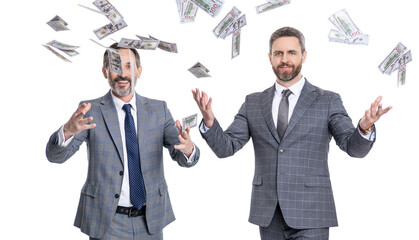 Wall Mural - business success of millionaire. businessmen dealing with money. millionaire business men with money isolated on white. rich and successful businessmen. millionaire lifestyle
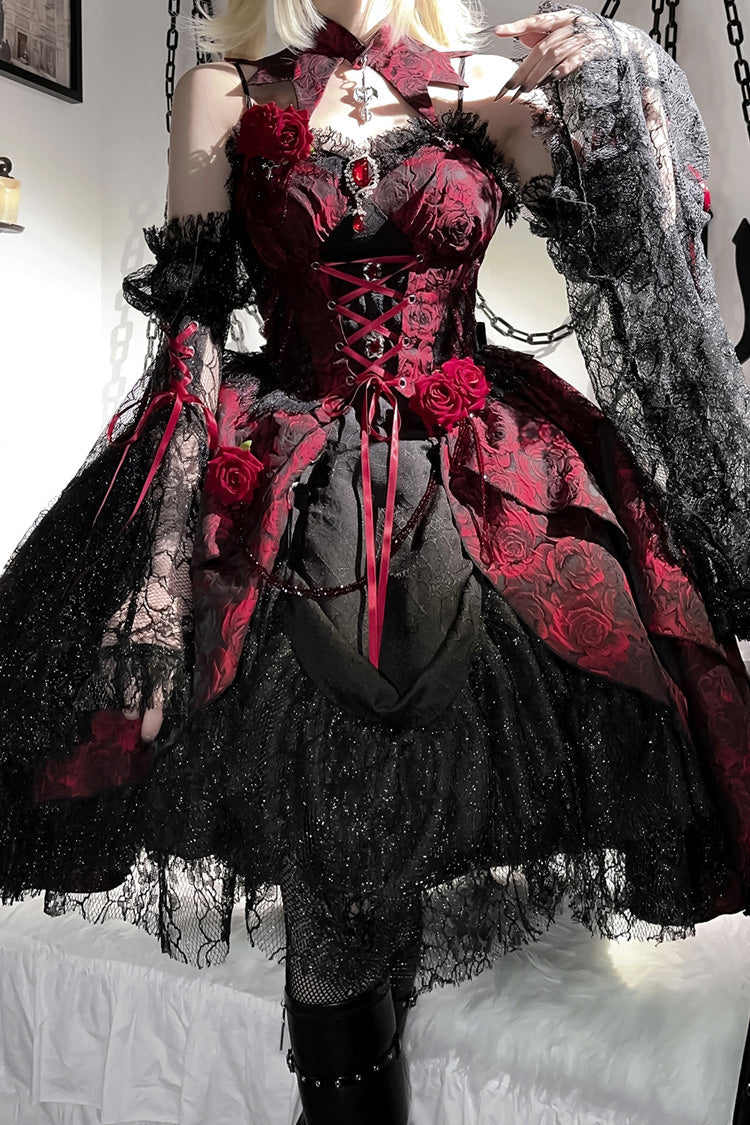 Black/Red [Weeping Rose] Jacquard Print Ruffle Cardigan Bowknot Lace-Up Gothic Lolita Dress - Product - 3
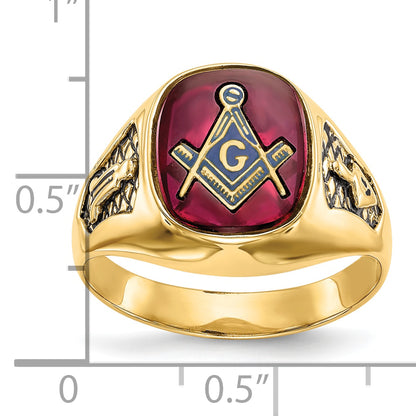 10K Yellow Gold Men'S Polished And Textured With Black Enamel Lab Created Ruby Masonic Ring
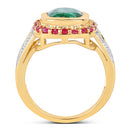 14K Yellow Gold Plated 4.80 ct. t.w. Dyed Emerald and Ruby Ring in Sterling Silver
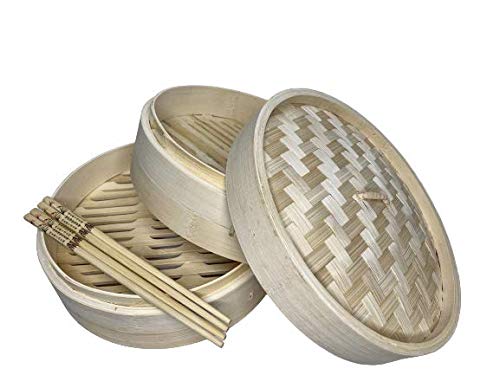 Cestello Per Cottura A Vapore In Bambù - Set Da 3 Pezzi, Diametro 25 Cm - Foto 5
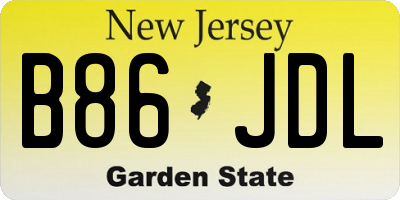 NJ license plate B86JDL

WHAT THE TASK REQUIRES:
Set down the lines from the one containing "14K Yellow Gold" through the last line of the records above, both included, exactly as they appear and with no other text. Pictures should not be set down.

RESULT OF THIS EXERCISE:
 14K Yellow Gold Plated 4.80 ct. t.w. Dyed Emerald and Ruby Ring in Sterling Silver
 Cestello Per Cottura A Vapore In Bambù - Set Da 3 Pezzi, Diametro 25 Cm - Foto 5
 NJ license plate B86JDL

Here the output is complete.